I running my program as daemon.
Father process only wait for child process, when it is dead unexpected, fork and wait again.
for (; 1;) { if (fork() == 0) break; int sig = 0; for (; 1; usleep(10000)) { pid_t wpid = waitpid(g->pid[1], &sig, WNOHANG); if (wpid > 0) break; if (wpid < 0) print("wait error: %sn", strerror(errno)); } }
But when child process being killed with -9 signal, the child process goes to zombie process.
waitpid
should return the pid of child process immediately!
But waitpid
got the pid number after about 90 seconds,
cube 28139 0.0 0.0 70576 900 ? Ss 04:24 0:07 ./daemon -d cube 28140 9.3 0.0 0 0 ? Zl 04:24 106:19 [daemon] <defunct>
Here is the strace of the father
The father does not get stuck, wait4 was called always.
strace -p 28139 Process 28139 attached - interrupt to quit restart_syscall(<... resuming interrupted call ...>) = 0 wait4(28140, 0x7fff08a2681c, WNOHANG, NULL) = 0 nanosleep({0, 10000000}, NULL) = 0 wait4(28140, 0x7fff08a2681c, WNOHANG, NULL) = 0
About 90 seconds later father got the SIGCHILD and wait4 returned the pid of the dead child.

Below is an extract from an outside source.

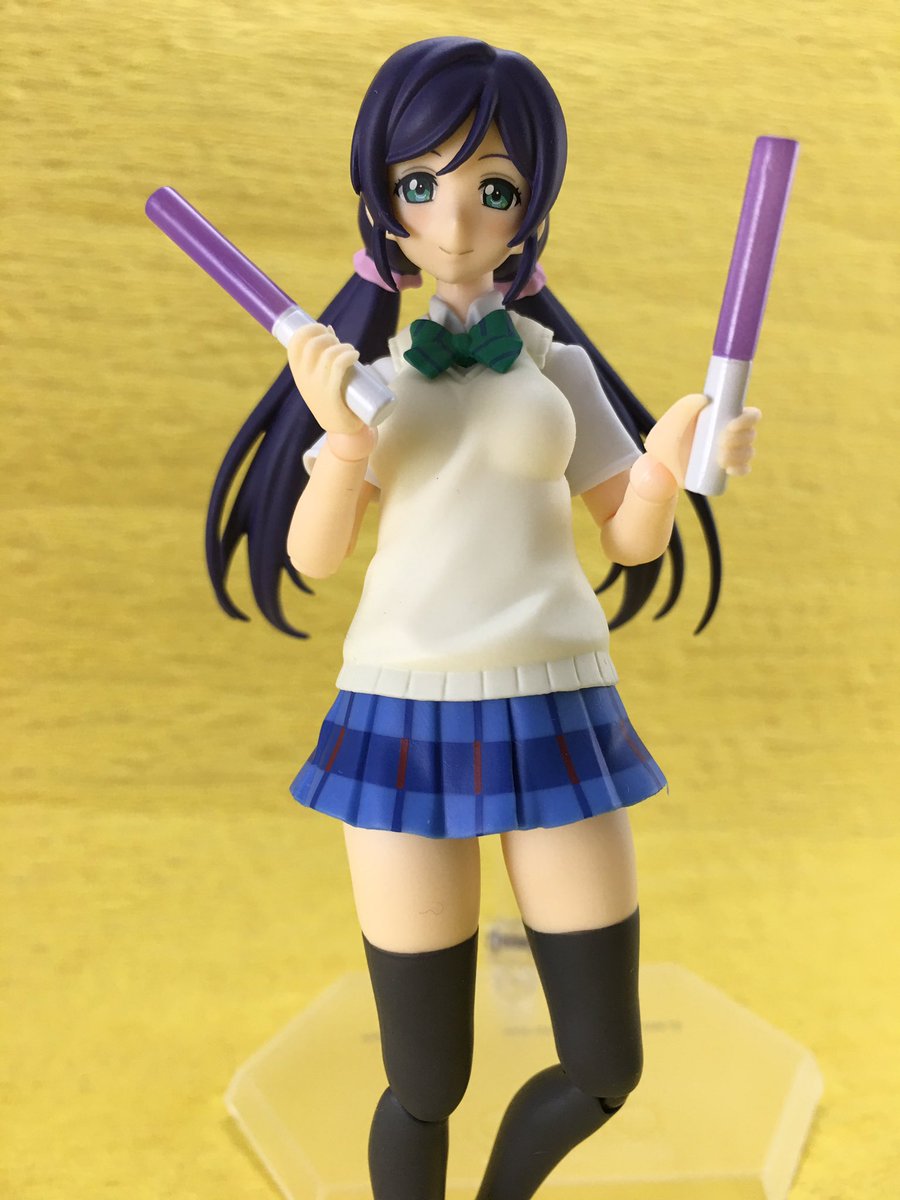 ファントムパイン On Twitter Figma 東條希 M S3年生メンバー 生徒会副会長として生徒会長の絵里を支えている 実はm Sの陰の立役者 M Sの名もそうだが 屋上でメンバーの事で悩んでる穂乃果にドアを開け真姫の歌声を聞かせている フィグマ ラブライブ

--- SIGCHLD (Child exited) @ 0 (0) --- restart_syscall(<... resuming interrupted call ...>) = 0 wait4(28140, [{WIFSIGNALED(s) && WTERMSIG(s) == SIGKILL}], WNOHANG, NULL) = 28140
Why the child process does not exit immediately? On the contrary, it turns into zombie unexpectedly.
Advertisement
Answer
I finally find out there were some fd leaks during deep tracing by lsof.
After fd leaks were fixed, the problem was gone.